[WORK REQUEST]:
The answer should hold only the lines from the one containing "Lexi Mid Rise Bowed Straight Denim" through the one containing "Alexandria Tufted Performance" in the entries below, copied exactly, without pictures.

[SOURCE MATERIAL]:
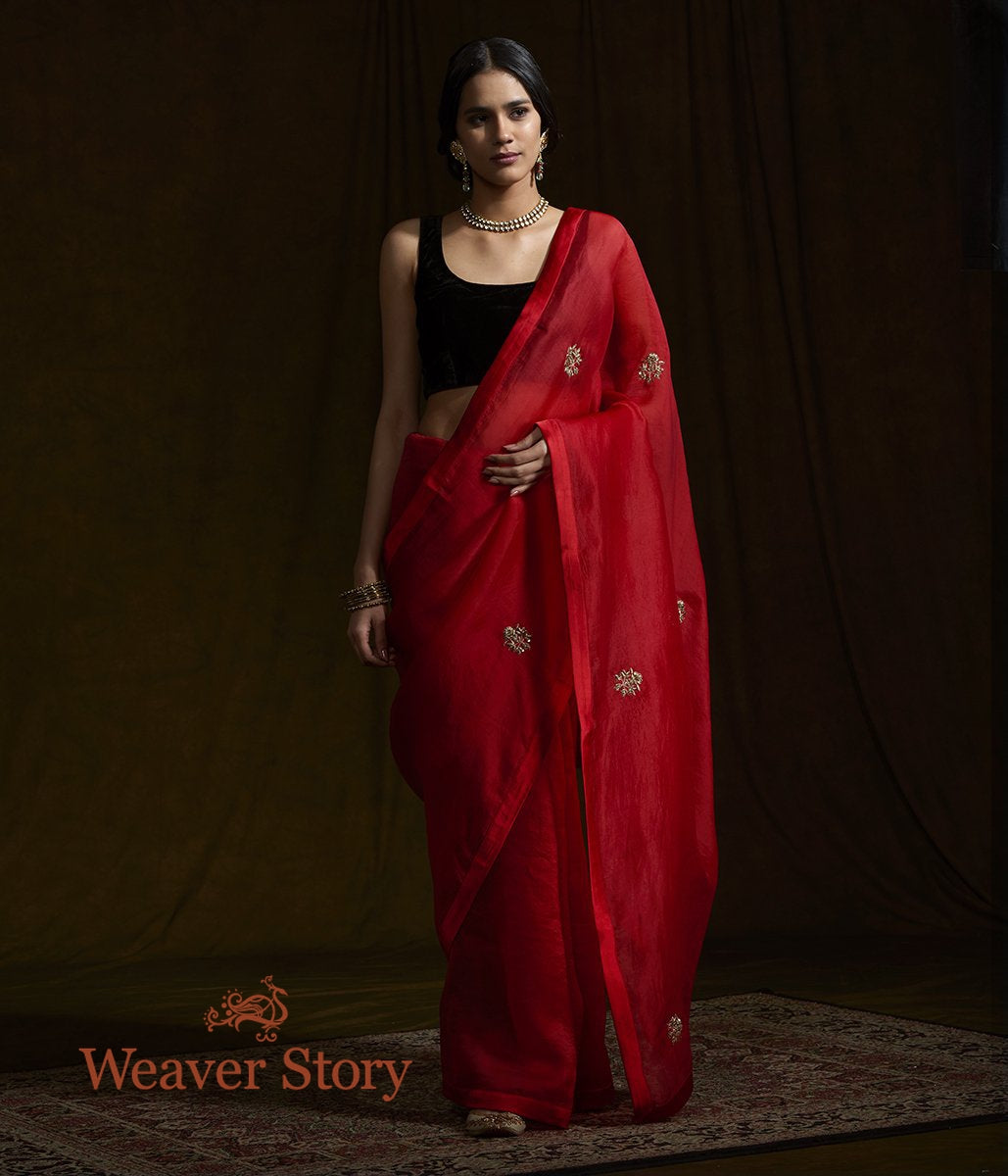 Red_Organza_Silk_Saree_with_Zardozi_Work_WeaverStory_02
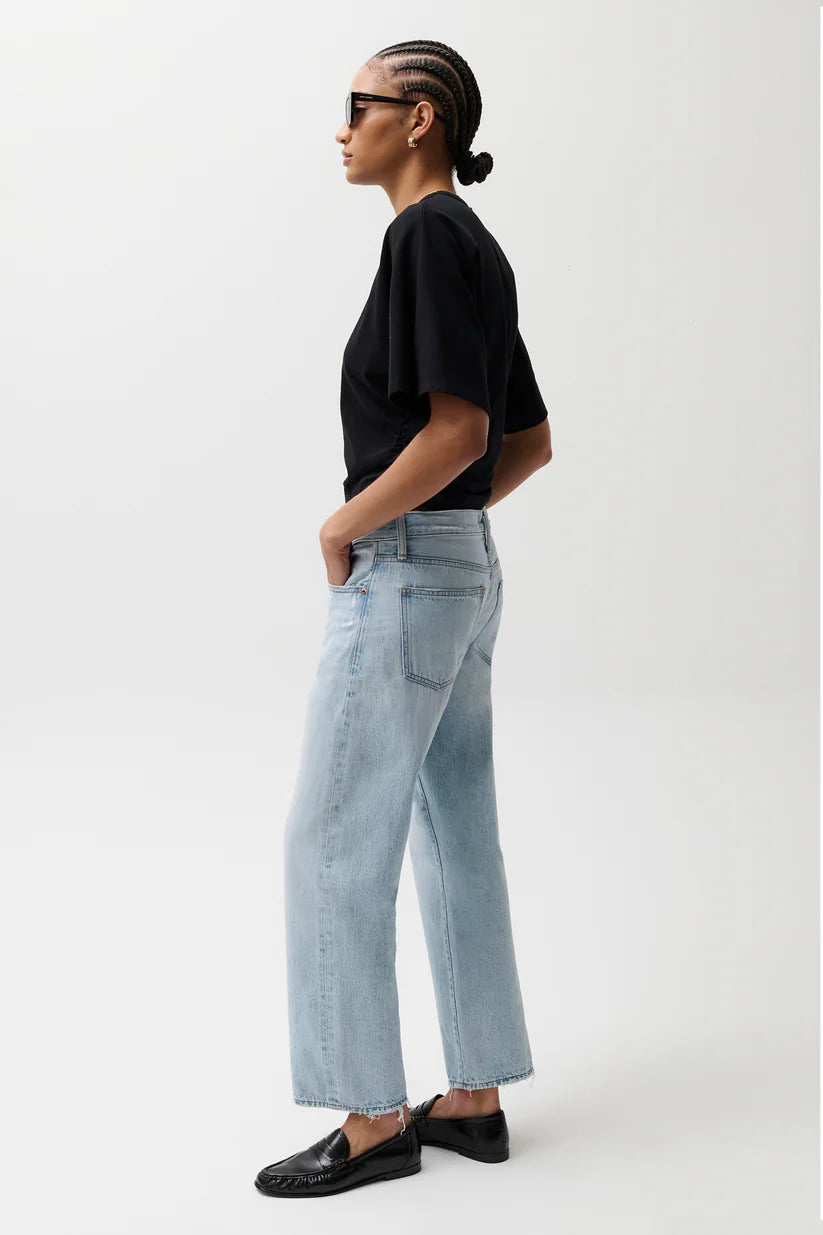 Lexi Mid Rise Bowed Straight Denim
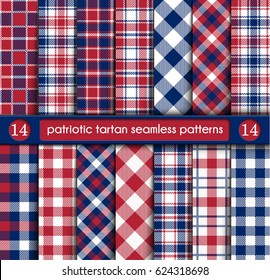 Patriotic Tartan Set of White, Blue, Red Seamless Patterns.Suitable for Elections or 4th of July.Swatches, Vector Endless Texture Can Be Used for Wallpaper, Background, Pattern Fills,Web Page,Surface.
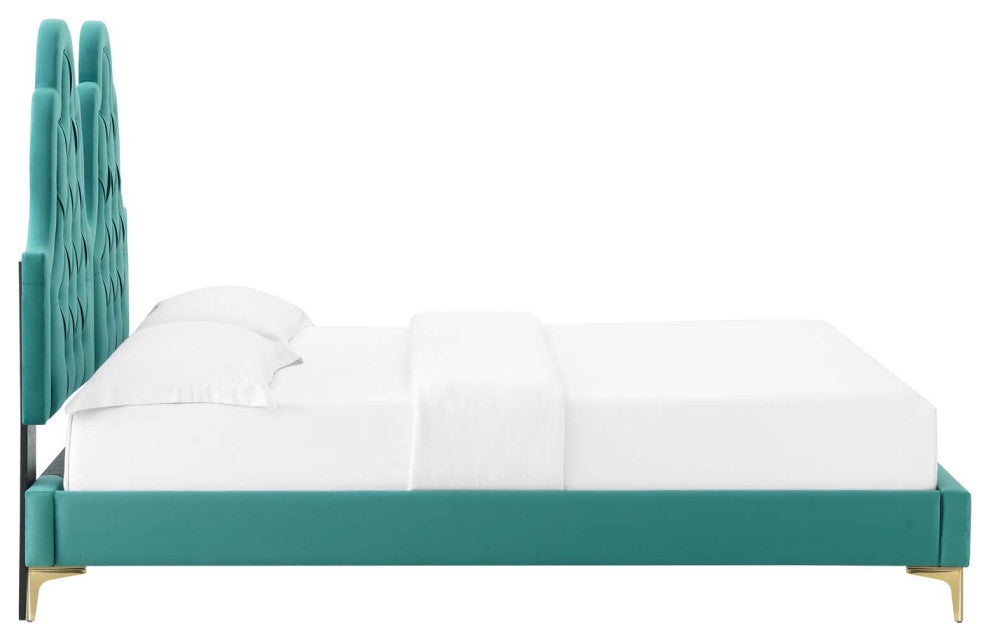 Alexandria Tufted Performance Velvet King Platform Bed - Teal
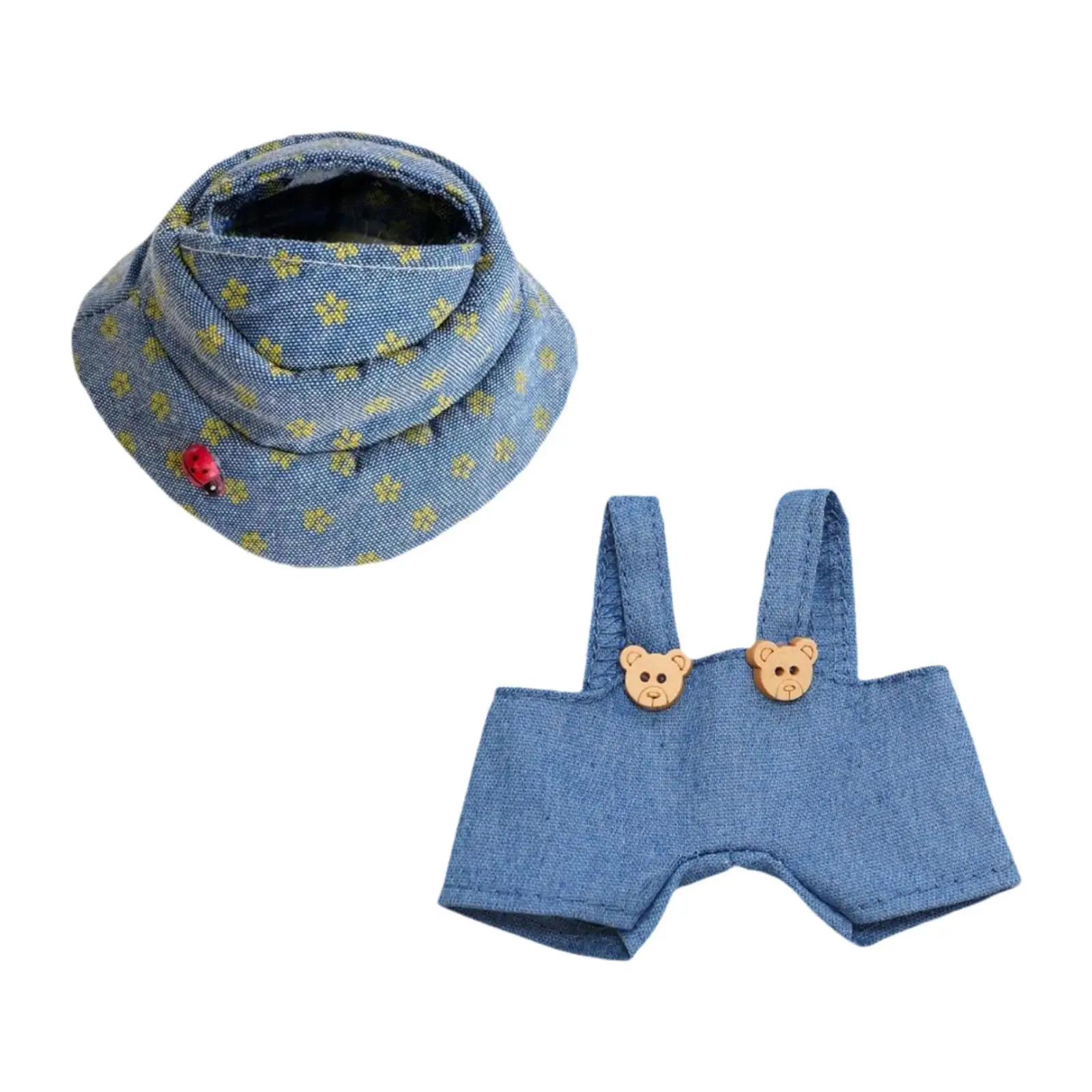 Plush Doll Clothes for 17cm Doll Cartoon Doll Denim Overalls with Hat Plush Doll Accessories Photo Props Soft Doll Clothing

[ANSWER SECTION]:
 Lexi Mid Rise Bowed Straight Denim
 Patriotic Tartan Set of White, Blue, Red Seamless Patterns.Suitable for Elections or 4th of July.Swatches, Vector Endless Texture Can Be Used for Wallpaper, Background, Pattern Fills,Web Page,Surface.
 Alexandria Tufted Performance Velvet King Platform Bed - Teal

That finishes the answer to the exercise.